Understand. The hand holding crowd. We have those as well so I know what you
mean.

I think you need to incorporate this statement that you make elsewhere:

"Word manuscript, we make it look good on the Kindle"

in a prominent place under your banner on the homepage such as:

"We make your word manuscript look good on the Kindle!"

or

"Liberwriter makes your word manuscript look good on the Kindle!"

It needs to be right on your home page since it's the easiest way to
understand at a glance and reinforce what you are doing. (See logo design
below).

Also, the stuff on this page:

<http://www.liberwriter.com/kindle_book_cover_images>

Needs to be more prominent visual and mentioned on the home page. I think it's
the key to what you are selling and it represents what every writer really
wants (and is the key to vanity publishing in general like what a diamond ring
means to a woman the physical representation of something).

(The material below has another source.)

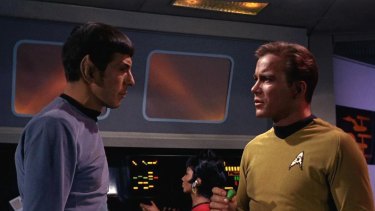 Leonard Nimoy as Mr Spock and William Shatner as Captain James T. Kirk appear in the first episode of <i>Star Trek</i>, which aired on September 8, 1966. Behind them is Uhura, played by Nichelle Nichols.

Lastly, I would work some of the quotes from "testimonials" into the home page
as well. For example this:

"contacting Kindle Support and they finally recommended Liber Writer"

can become this:

"Recommended by Amazon Kindle Support!" (in proximity to your logo at the
top).

In fact, browsing your testimonials I see plenty of things that belong on your
home page (which is good so take advantage of anything you can put there.)

You can use <http://99designs.com> or <http://www.logotournament> to create a
new banner at the top. With the resulting photoshop files you can change and
tweak the tag line when needed. At the very least a new banner incorporating a
tagline would be a very easy change to make.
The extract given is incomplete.